Xuxa também falou sobre o polêmico filme Amor Estranho Amor. “Tem gente que fala do filme que fiz, mas uma coisa não tem nada a ver com a outra. Eu tinha 18 anos e fazia uma menina de 15. Se quiserem comparar o filme, que tem eu beijando o menino, comparem com a cena de um pai de 40 anos batendo em uma filha de 2 anos e vejam o que é mais vergonhoso, então vamos ser justos”, afirmou.

No dia 21 de maio, o deputado Pastor Eurico (PSB-PE) durante a acalorada discussão sobre o projeto de lei que pune agressões a crianças em ambiente familiar, a chamada Lei da Palmada, afirmou: “nem falo sobre a violência que passa na TV todos os dias.
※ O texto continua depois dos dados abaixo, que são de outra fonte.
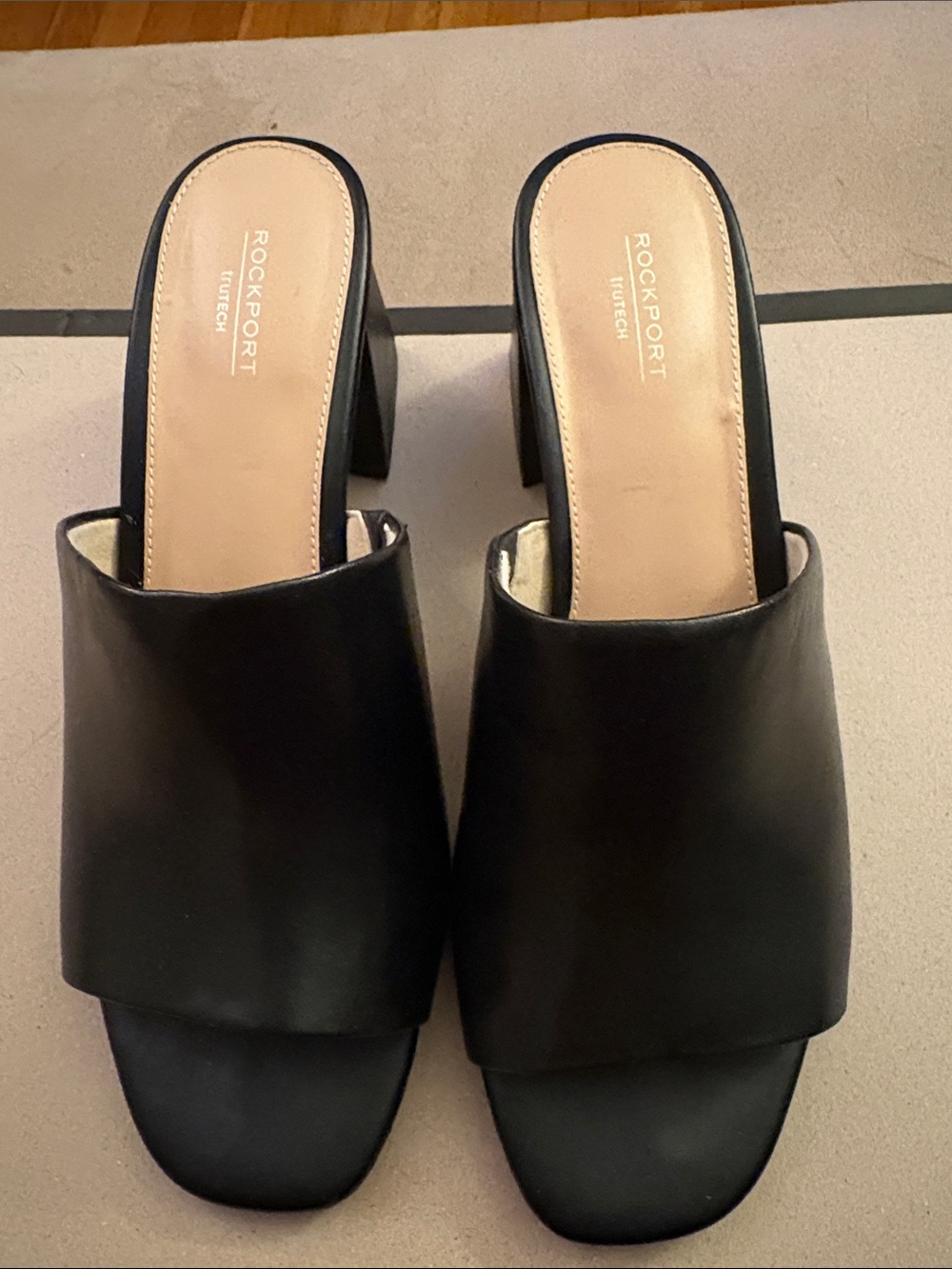 Rockport Black Slip-On Leather Block Heel Sandals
A conhecida rainha dos baixinhos protagonizou em 1982 a maior violência contra as crianças quando fez um filme pornô”, disse o deputado. Ele se referia ao filme considerado erótico, no qual Xuxa contracena com um adolescente de 12 anos. À época, Xuxa ainda não era apresentadora infantil.
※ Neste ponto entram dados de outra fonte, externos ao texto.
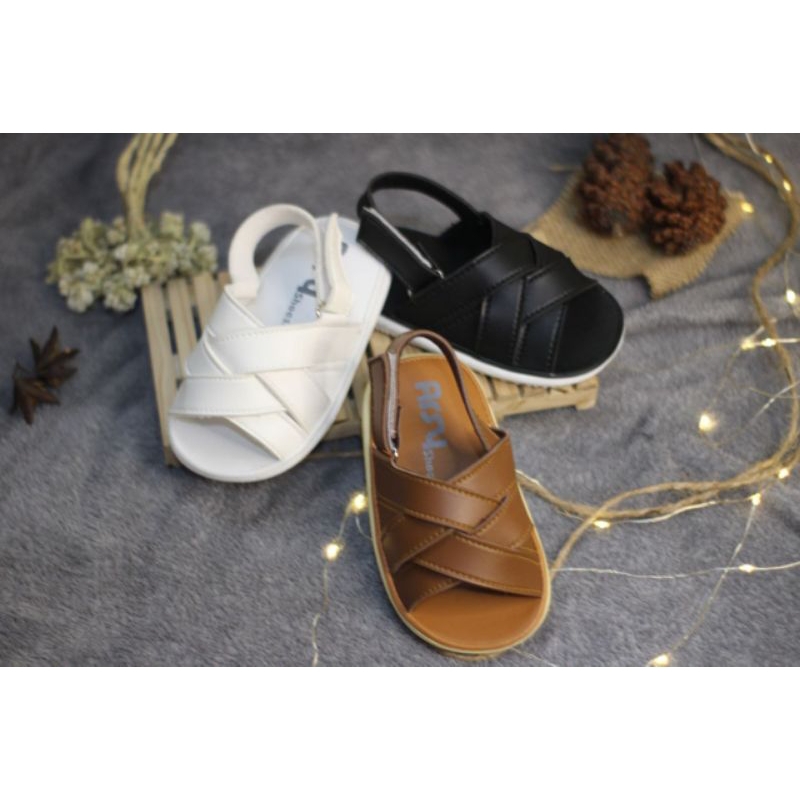 sepatu sandal anak laki laki perempuan usia1 2 3 tahun/sandal anak bunyi cit cit terbaru sandal anak terlaris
Como não é parlamentar, Xuxa Meneghel não pôde falar, mas respondeu ao deputado com um coração feito com as mãos. Em seguida outros parlamentares da própria bancada evangélica se solidarizaram com a apresentadora. “Gostaria de deixar claro que essa é a opinião dele. Não é posição da bancada evangélica”, disse o deputado Anthony Garotinho (PR-RJ). Fonte: Portal Terra

 

Publica Wikipédia: Amor Estranho Amor é um filme brasileiro, filmado e lançado em 1982, dirigido por Walter Hugo Khouri e estrelado por Marcelo Ribeiro, Xuxa Meneghel, Tarcísio Meira e Vera Fischer. Foi o primeiro filme de Xuxa.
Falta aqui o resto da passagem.